Wednesday, 17 May 2017

SOUTH AFRICA: Public Investment Corporation May Fund South African Airways

National Treasury is considering a number of avenues to finance the loss-making SAA, which may include the Public Investment Corporation (PIC) as a public equity partner.

During a Parliamentary briefing on SAA’s financial performance, the Democratic Alliance’s Alf Lees and David Maynier pressed Acting Treasury Director General Dondo Mogajane to say whether SAA will be partly financed with funds from the Government Employee Pension Fund.

I want to know if SAA’s equity partner could be a public one, Lees said.

National Treasury made it clear there will be a recapitalisation of SAA. And we’re left with the distinct impression that the GEPF could be the public equity partner who would invest pensioner’s money into the loss-making airline. Has this been proposed?

The DA’s questions followed after Finance Minister Malusi Gigaba recently acknowledged in a Parliamentary question-and-answer session that SAA’s consideration of a minority equity partner may not necessarily be a private one, but that it could also be a public entity.

Mogajane told members of Parliament on Wednesday that National Treasury is taking a long-term view with regard to the recapitalisation of the airline, which may also include a cash injection.

He did not reject the possibility of the PIC as an equity partner outright, but said there are “options available.

It could make sense to get other lenders to take over the current debt, including engagements to repatriate funds in foreign currency. It may not even be necessary to recapitalise the airline to such an extent, Mogajane said.

Deputy Finance Minister Sfiso Buthelezi earlier in the briefing said SAA’s cash flow was affected by R1.05bn that cannot be repatriated from Angola, Zimbabwe, Nigeria and Senegal.

National Treasury will call on the highest office – even President Jacob Zuma if need be – to get these funds back, he said.

SAA is currently using Seabury consulting group to re-evaluate SAA’s long-term turnaround strategy, including its recapitalisation needs.

During a second round of questions, the DA’s Maynier said it would be outrageous for a public investment company, such as the PIC, to invest in SAA.

This is pensioners’ money that will be invested in an enterprise which has no chance of returning to profitability.

Derek Hanekom, former tourism minister who was recently appointed as an ANC member of the standing committee on finance, commented that it was unfair to say that SAA would never return to profitability.

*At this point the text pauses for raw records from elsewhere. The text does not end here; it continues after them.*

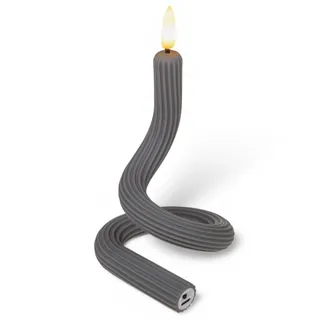 Flexible LED Kerze aus Silikon – Biegsam & formbar – Flackereffekt Warmweiß – Wiederaufladbar – LED-Stabkerze für Tisch, Regal & Fenster (Grau - diagonales Rillenmuster, Ø1,8cm x 41 cm biegsam)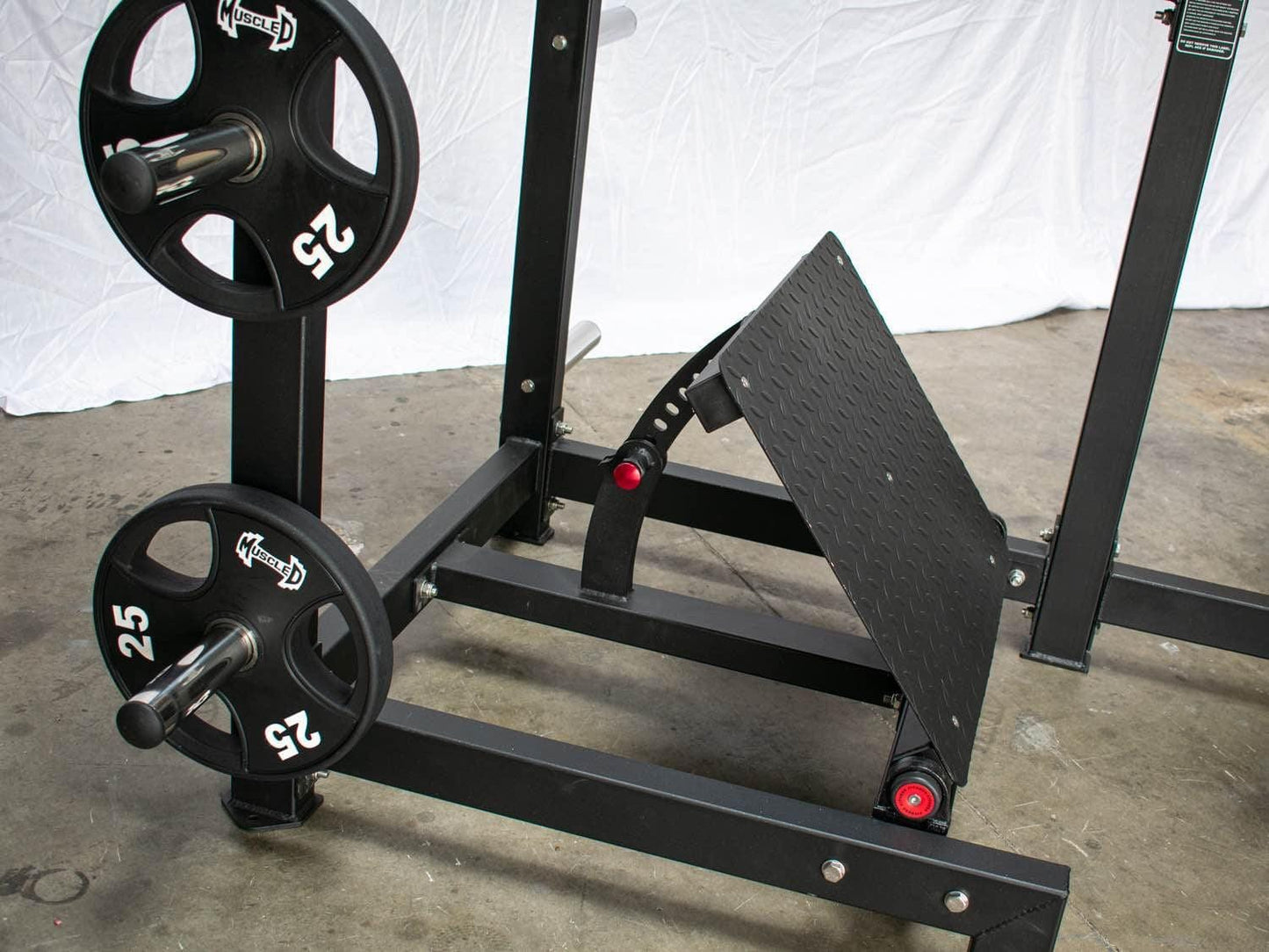 Excel Pendulum Squat - Muscle D Fitness - Plate Load Squat Machine - weight Storage Pegs - Adjustable Foot Plate - Grit Grind Strength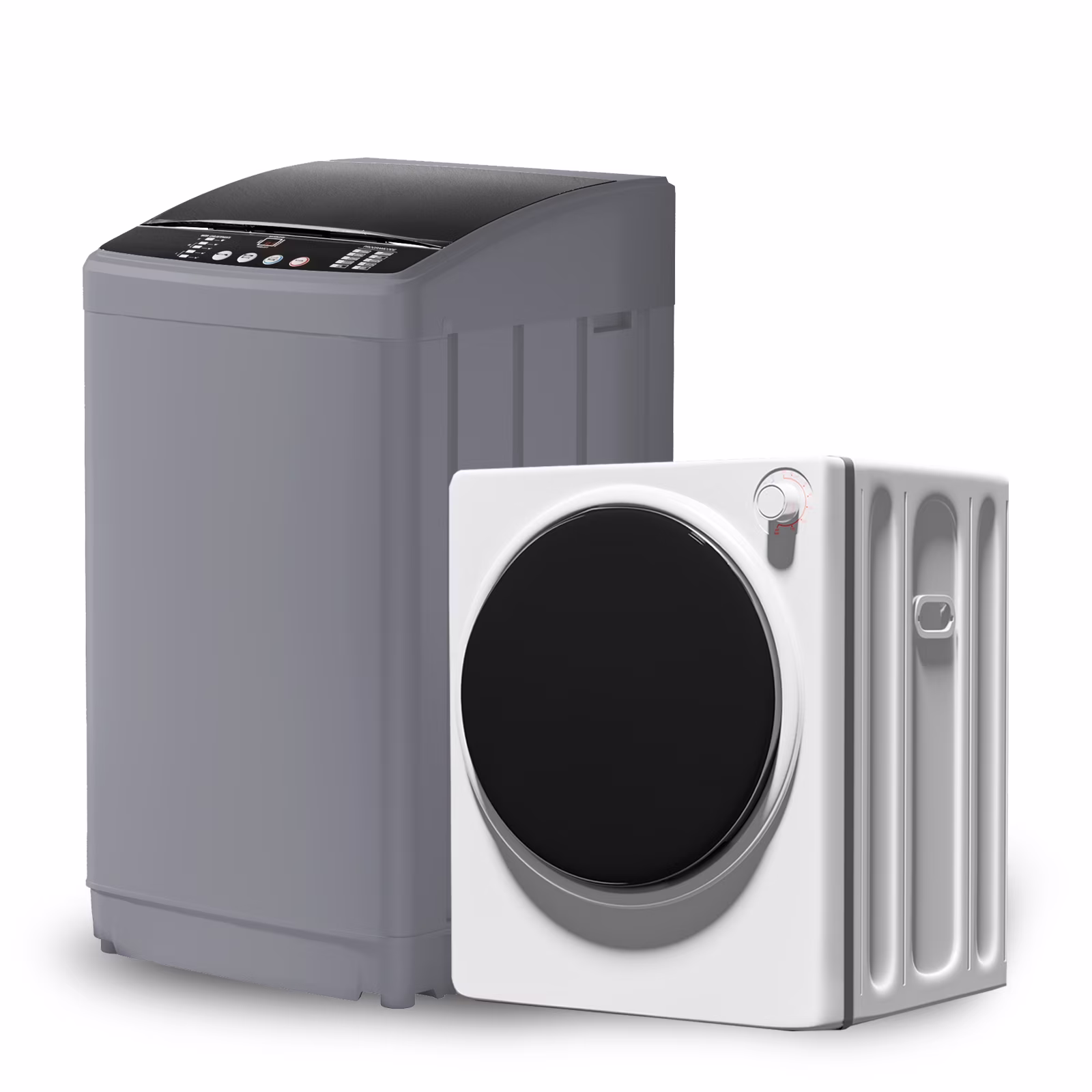 TABU Washer and Dryer Set, 19LBS Fully Automatic Washing Machine & 8.8LBS Clothes Dryer (White&White)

He added that a national carrier has a strategic function beyond making profits. The main intention should not be to make profits, as it would then limit the purpose of having a national carrier.

There is a reason for having a national carrier – to put it to strategic use even if there are loss-making routes. A loss-making route may have a purpose because of tourism. We should look at it in a more nuanced way,Hanekom said.

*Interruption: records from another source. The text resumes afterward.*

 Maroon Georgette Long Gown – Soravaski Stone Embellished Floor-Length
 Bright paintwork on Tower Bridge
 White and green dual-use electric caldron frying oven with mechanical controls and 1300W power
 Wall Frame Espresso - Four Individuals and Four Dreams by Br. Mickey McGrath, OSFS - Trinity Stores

The national carrier’s financial performance for the year to end March 2017 reflects a R4.8bn loss.

Recently appointed CFO Phumeza Nhantsi told MPs that the cumulative amount of guarantees given to the airline thus far is R19.1bn.

The airline’s cost-cutting efforts however, have saved R700m in the 2016/17 financial year, although the results haven’t been audited yet.

SAA’s cash burn rate, is still high though at R250m per month. To this end, a cash conservation office has been set up to monitor spending, Nhantsi said.